**TASK PROMPT**
Only the lines from the one holding "Plus size Laced" through the end of the records below are to be reproduced exactly, and pictures are to be omitted.
◆ ◆ ◆ ◆
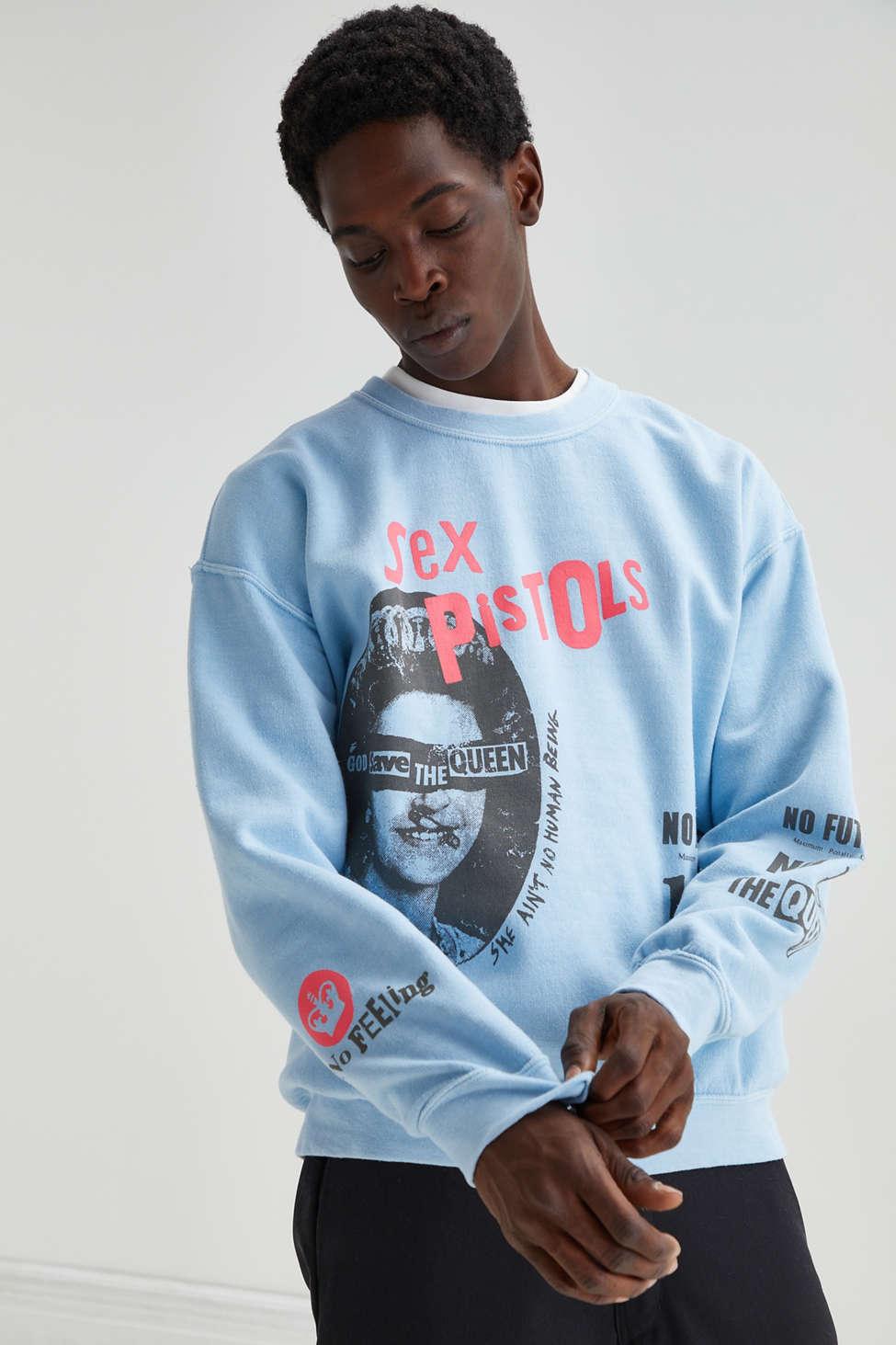Urban Outfitters Sex Pistols Save The Queen Crew Neck Sweatshirt in Blue  for Men | Lyst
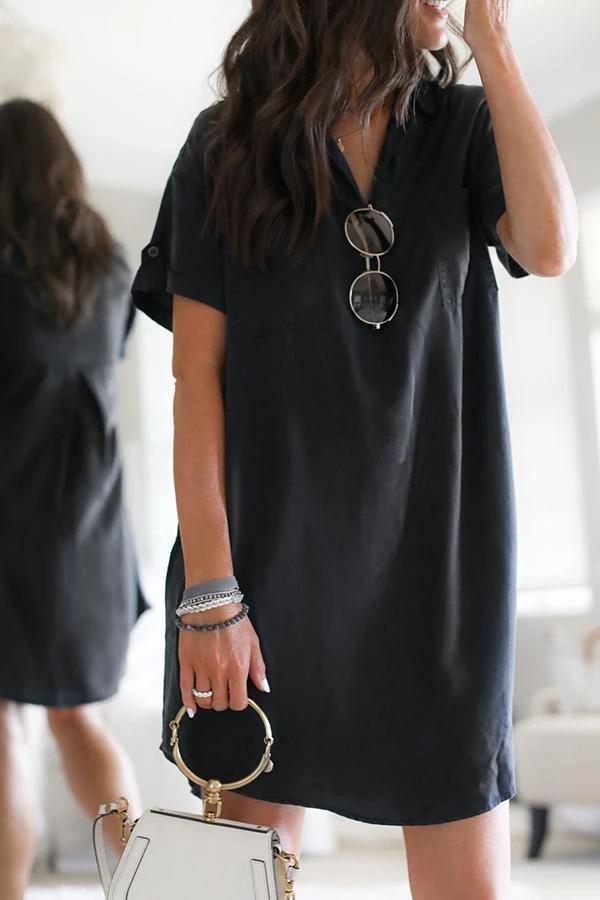 Short Sleeve Solid Color Shirt Collar Mini Dress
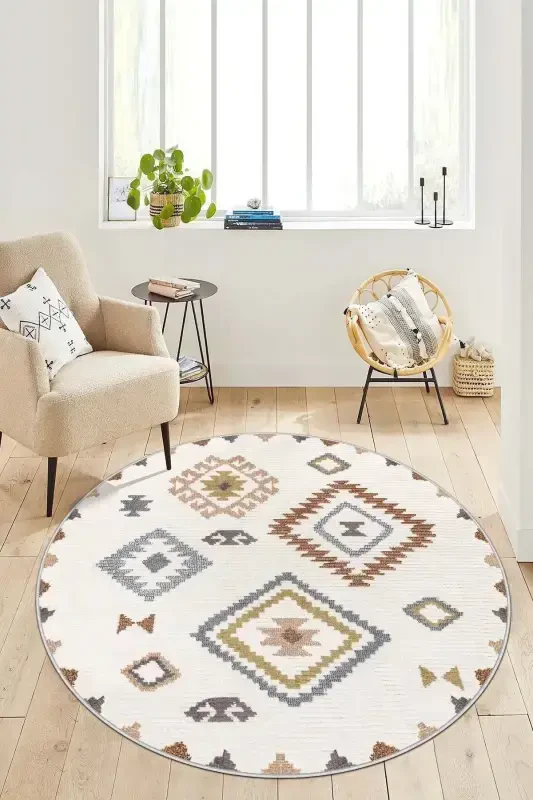 Digital Print Washable Non-Slip Base Stain-Proof Round Kitchen Carpet Living Room Carpet and Runner-colorful - 3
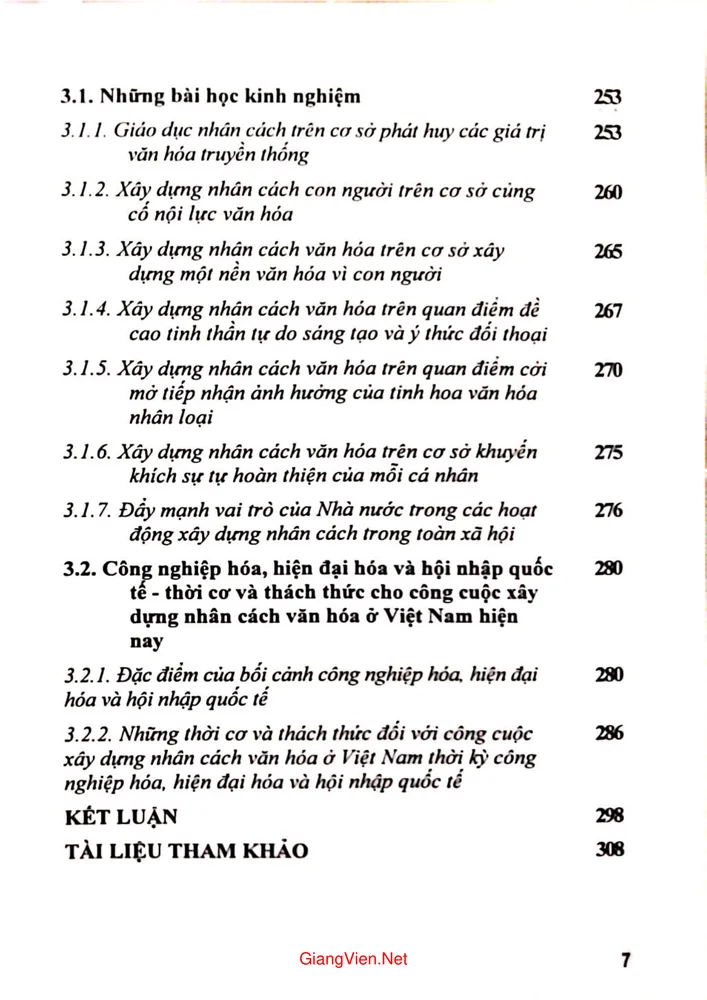 Mục lục chi tiết trang 2 sách Xây dựng nhân cách văn hoá những bài học kinh nghiệm trong lịch sử Việt Nam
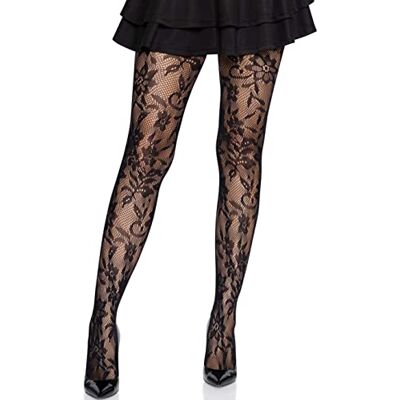 Leg Avenue Seamless floral lace tights, Talla Única(Negro) Leg Avenue Seamless floral lace tights, Talla Única(Negro)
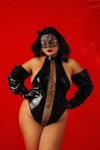 Plus size Laced Up Bodysuit • Sexy Cat Plus size Halloween Look • Lace Cat Mask with Ears • High Cut Legs Bodysuit Latex Laced Up Bodysuit Thumbnail # 143546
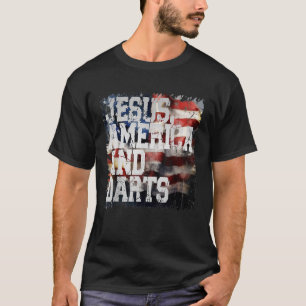 Camiseta Jesus America y Darts Funny USA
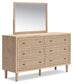 Cielden California  Upholstered Bed With Roll Slats, Dresser, Mirror, Chest And Nightstand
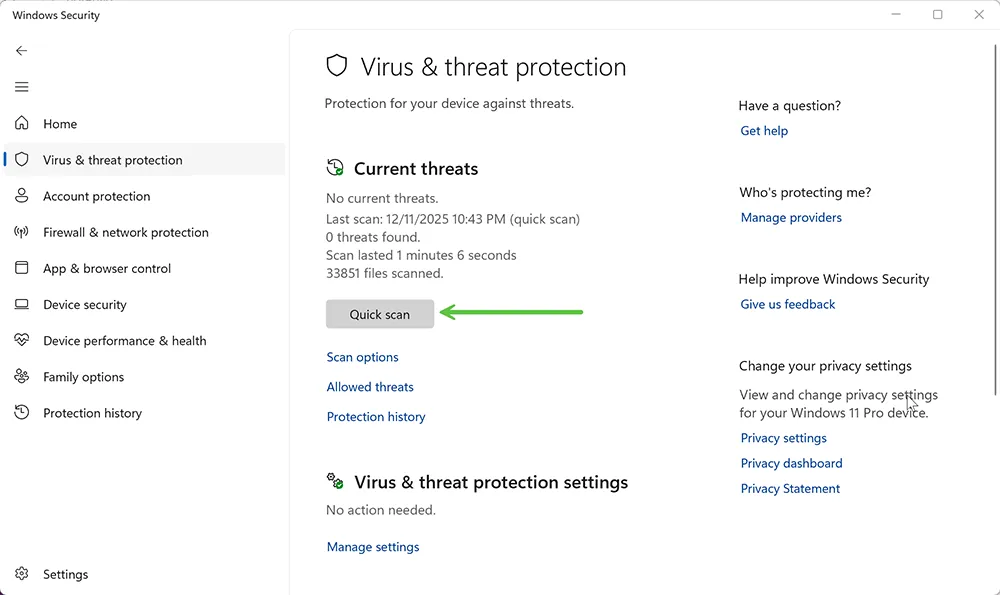 Running a Quick Scan in Windows Security to check for malware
◆ ◆ ◆ ◆
**RESPONSE AREA**
 Plus size Laced Up Bodysuit • Sexy Cat Plus size Halloween Look • Lace Cat Mask with Ears • High Cut Legs Bodysuit Latex Laced Up Bodysuit Thumbnail # 143546
 Camiseta Jesus America y Darts Funny USA
 Cielden California  Upholstered Bed With Roll Slats, Dresser, Mirror, Chest And Nightstand
 Running a Quick Scan in Windows Security to check for malware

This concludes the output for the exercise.